Please take the lines from the one holding "2014 KAUFMAN DETACHABLE" through the one holding "free mcdonald s salad hoax snopes com" in the data below and copy them exactly.

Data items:
=-=-=-=-=

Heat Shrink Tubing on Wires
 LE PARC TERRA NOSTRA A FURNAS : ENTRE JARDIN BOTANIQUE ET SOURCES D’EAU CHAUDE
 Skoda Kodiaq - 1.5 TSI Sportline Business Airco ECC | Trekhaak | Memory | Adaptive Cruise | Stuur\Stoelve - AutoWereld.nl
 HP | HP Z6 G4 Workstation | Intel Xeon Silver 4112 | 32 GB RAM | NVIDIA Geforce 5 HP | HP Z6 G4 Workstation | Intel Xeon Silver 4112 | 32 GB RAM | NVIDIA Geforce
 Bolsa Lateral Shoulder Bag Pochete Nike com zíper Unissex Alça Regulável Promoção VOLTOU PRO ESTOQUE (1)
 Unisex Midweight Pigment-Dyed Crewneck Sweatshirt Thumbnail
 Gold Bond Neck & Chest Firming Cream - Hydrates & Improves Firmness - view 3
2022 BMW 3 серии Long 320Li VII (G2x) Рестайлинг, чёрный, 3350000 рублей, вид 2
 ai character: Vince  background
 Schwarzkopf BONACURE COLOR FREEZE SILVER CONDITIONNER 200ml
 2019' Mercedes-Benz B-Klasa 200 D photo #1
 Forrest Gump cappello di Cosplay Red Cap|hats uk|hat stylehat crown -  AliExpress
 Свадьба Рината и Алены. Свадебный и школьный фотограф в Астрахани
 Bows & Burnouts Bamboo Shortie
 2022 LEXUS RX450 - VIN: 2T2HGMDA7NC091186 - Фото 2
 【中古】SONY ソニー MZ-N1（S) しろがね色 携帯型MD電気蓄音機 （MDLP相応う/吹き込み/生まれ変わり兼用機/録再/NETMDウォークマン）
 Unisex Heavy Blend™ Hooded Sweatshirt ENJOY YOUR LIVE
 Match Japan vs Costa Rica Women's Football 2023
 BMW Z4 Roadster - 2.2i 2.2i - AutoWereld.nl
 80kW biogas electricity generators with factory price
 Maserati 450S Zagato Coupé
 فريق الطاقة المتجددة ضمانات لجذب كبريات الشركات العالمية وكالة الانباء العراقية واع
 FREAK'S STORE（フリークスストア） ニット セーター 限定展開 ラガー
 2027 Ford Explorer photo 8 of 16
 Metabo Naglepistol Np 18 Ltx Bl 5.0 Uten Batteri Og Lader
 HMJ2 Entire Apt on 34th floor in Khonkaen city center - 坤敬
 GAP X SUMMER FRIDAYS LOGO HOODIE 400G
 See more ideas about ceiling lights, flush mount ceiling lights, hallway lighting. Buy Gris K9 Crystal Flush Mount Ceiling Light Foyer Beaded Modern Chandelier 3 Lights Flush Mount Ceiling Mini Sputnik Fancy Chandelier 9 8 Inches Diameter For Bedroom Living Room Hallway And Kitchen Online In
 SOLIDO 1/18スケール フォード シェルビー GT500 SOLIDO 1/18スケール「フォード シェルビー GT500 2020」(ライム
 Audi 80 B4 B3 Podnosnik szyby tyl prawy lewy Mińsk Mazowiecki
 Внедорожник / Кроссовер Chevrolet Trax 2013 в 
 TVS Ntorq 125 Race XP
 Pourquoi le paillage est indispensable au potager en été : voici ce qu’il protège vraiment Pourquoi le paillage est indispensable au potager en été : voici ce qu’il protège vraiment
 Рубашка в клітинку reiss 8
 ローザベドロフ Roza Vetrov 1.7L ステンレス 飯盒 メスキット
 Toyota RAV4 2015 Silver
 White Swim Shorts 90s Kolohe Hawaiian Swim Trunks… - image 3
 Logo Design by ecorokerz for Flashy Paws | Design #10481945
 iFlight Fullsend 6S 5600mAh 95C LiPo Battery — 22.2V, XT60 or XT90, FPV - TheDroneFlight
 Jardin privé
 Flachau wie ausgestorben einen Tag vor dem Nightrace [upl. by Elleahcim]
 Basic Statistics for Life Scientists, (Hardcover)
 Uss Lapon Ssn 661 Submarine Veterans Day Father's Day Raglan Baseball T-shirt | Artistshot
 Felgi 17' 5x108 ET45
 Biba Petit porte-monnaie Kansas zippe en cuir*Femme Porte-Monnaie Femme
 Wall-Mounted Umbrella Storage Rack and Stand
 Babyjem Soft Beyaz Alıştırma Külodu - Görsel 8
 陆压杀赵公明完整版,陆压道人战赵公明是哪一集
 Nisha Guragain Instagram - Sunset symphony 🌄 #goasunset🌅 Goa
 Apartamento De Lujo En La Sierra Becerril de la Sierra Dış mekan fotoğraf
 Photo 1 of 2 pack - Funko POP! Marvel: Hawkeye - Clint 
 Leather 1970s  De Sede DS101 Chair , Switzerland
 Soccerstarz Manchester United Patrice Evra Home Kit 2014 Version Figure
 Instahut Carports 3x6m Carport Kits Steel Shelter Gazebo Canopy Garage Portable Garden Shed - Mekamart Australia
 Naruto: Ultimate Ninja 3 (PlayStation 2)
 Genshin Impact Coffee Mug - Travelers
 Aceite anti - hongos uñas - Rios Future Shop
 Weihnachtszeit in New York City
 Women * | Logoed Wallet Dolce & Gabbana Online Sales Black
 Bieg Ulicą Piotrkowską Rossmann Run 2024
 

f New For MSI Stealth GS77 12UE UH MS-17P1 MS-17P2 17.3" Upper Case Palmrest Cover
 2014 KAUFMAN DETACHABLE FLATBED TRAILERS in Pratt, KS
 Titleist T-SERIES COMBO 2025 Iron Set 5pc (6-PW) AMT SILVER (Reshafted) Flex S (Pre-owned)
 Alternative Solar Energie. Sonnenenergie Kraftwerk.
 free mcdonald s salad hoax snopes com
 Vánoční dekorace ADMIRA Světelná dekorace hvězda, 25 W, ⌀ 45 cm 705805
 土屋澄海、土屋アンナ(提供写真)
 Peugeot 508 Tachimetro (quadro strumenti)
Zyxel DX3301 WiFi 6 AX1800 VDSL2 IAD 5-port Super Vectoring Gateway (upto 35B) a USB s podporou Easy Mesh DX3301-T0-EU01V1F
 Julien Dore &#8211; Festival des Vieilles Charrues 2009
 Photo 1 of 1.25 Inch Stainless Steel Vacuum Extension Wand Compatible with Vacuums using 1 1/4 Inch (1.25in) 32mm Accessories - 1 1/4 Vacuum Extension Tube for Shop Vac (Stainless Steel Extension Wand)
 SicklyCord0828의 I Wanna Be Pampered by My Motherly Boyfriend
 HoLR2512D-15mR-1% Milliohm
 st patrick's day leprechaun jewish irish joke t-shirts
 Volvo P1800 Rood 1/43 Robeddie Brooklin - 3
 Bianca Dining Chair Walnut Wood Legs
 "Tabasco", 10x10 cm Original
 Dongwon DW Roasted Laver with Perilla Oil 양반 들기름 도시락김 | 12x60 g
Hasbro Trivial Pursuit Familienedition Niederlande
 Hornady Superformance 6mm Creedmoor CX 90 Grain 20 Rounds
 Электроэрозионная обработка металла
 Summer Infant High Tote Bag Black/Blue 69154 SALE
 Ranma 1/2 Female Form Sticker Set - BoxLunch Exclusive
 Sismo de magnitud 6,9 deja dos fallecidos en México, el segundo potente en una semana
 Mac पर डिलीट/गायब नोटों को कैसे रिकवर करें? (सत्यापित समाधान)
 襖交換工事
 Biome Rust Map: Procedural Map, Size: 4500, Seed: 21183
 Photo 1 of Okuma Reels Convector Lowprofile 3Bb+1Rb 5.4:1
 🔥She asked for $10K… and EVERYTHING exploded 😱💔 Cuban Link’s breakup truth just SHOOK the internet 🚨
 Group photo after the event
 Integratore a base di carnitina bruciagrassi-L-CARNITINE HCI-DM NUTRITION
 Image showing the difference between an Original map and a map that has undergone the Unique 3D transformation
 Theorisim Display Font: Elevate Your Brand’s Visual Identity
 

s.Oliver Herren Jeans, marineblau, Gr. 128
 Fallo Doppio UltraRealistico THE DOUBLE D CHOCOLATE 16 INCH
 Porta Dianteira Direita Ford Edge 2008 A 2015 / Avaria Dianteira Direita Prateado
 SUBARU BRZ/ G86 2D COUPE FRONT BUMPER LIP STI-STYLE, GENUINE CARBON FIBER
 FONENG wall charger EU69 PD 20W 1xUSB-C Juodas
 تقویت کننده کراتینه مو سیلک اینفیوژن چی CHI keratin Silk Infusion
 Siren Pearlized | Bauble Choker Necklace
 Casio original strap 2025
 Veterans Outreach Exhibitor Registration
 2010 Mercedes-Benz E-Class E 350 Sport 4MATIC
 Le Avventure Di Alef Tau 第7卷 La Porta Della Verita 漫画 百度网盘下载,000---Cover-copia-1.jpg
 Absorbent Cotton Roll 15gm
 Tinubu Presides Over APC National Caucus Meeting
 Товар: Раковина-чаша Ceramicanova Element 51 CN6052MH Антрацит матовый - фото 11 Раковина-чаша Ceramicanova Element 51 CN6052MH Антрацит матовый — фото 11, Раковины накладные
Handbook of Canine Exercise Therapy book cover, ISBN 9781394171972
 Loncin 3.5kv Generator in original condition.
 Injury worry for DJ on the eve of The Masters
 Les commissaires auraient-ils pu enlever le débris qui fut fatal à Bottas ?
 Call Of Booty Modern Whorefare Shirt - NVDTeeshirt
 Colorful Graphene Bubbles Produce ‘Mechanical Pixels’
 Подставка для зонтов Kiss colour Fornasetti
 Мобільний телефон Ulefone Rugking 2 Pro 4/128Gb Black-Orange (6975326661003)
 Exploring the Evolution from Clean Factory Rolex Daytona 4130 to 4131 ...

=-=-=-=-=

> _Answer box_
 2014 KAUFMAN DETACHABLE FLATBED TRAILERS in Pratt, KS
 Titleist T-SERIES COMBO 2025 Iron Set 5pc (6-PW) AMT SILVER (Reshafted) Flex S (Pre-owned)
 Alternative Solar Energie. Sonnenenergie Kraftwerk.
 free mcdonald s salad hoax snopes com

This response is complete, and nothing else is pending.